Nella ricostruzione operata da Verdesca e De Mejo, ogni incontro fatto nel suo percorso, a cavallo tra la vita e l’arte, restituisce un frammento di questo portentoso ritratto d’attrice, riproponendosi in un’accezione atemporale: Giuseppe Bertolucci, con cui Valli lavora in diverse occasioni – anche se resta indimenticabile, nella sua dissacrante flagranza, soprattutto la sboccata mamma di Cioni-Roberto Benigni in Berlinguer ti voglio bene (1976) –, la definisce “la madre di tutte le attrici”, forse perché sono innumerevoli le madri (molte delle quali folli) a cui ha dato corpo o forse in quanto matrice fisiognomica inconfutabile della femminilità cinematografica italiana; suo fratello Bernardo (che la dirige in Strategia del ragno, 1970, Novecento, 1976, e La luna, 1979), invece, utilizza l’aggettivo “eroica” per descriverne l’attitudine di interprete, sempre pronta a offrirsi in totale nudità, alludendo alla frontal nudity della sua anima. Aspetto rimarcato ancora da Charlotte Rampling, con cui Valli recita in una scena di Un’orchidea rosso sangue (Chéreau, 1975), secondo la quale la fierezza associata ai personaggi da lei ricreati sul grande schermo – su tutti la Livia Serpieri di Senso (Visconti, 1954) – non è mai semplicemente “interpretata”, ma si rivela nella sua naturale magnificenza, come presenza di spirito, espressione piena e incontestabile dell’innato potere di essere e basta.
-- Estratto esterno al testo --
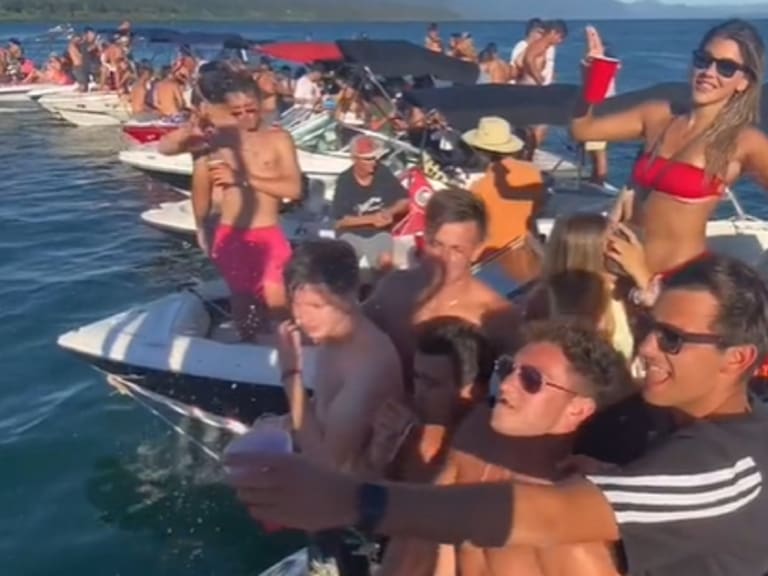 Carretes en lanchas y hasta con helicópteros: Viralizan masivos festejos que se toman el lago en Pucón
È proprio l’essenza di Valli a essere (ri)presentata in Alida, come residuo sensuoso disperso nell’ordito multidimensionale del racconto – tra sguardi, bagliori, voci, dissolvenze, ombre e silenzi –, come spettro benigno che torna a infestare la soglia dell’umano desiderio, in attesa di potersi nuovamente manifestare sulla superficie del prossimo sogno (un ricordo, un diario, un articolo, una foto, un film). Come una diva, insomma, evocata dalle parole di un qualsiasi nipote-spettatore, sul finale di un documentario che ci ricorda quanto può essere potente la magia del cinema contro ogni forma di morte:

Cara nonna, con quella dolcezza che spesso ti lasciavi sfuggire mi dicevi sempre “qualsiasi cosa farai tu la farai alla tua maniera” e mi facevi sentire speciale. Ti ho sempre cercata in tutto quello che mi hai lasciato, un bagaglio enorme nel quale spesso ho trovato rifugio e che ora non ho più paura di perdere, perché so che è dentro di me. Vorrei raccontarti tante cose, nonna, vorrei ridere ancora con te, poi abbracciarti forte e avvertire ancora quel profumo che avevi solo tu. D’un tratto però ti vedo e mi accorgo che sei sempre stata qui, che non sei mai andata via. Che ci hai solo aspettato.

C’era una volta Alida Valli… No, così non funziona. Allora proviamo con: Alida c’è ancora… Decisamente no. Forse meglio: oggi Alida Valli rinasce ancora, cento anni dopo, come se fosse la prima volta.

Alida. Regia: Mimmo Verdesca; sceneggiatura: Mimmo Verdesca, Pierpaolo De Mejo; fotografia: Federico Annichiarico; montaggio: Mimmo Verdesca; musiche: Andrea Lucarelli; interpreti: Giovanna Mezzogiorno, Piero Tosi, Vanessa Redgrave, Charlotte Rampling, Bernardo Bertolucci, Margarethe Von Trotta, Thierry Frémaux, Dario Argento, Roberto Benigni, Marco Tullio Giordana, Maurizio Ponzi, Antonio Calenda, Felice Laudadio, Carla Gravina, Mariù Pascoli, Lilia Silvi, Tatiana Farnese, Pierpaolo De Mejo, Larry De Mejo; produzione: Venicefilm, Kubai Film; distrubuzione: Istituto Luce Cinecittà; origine: Italia; anno: 2020; durata: 105’.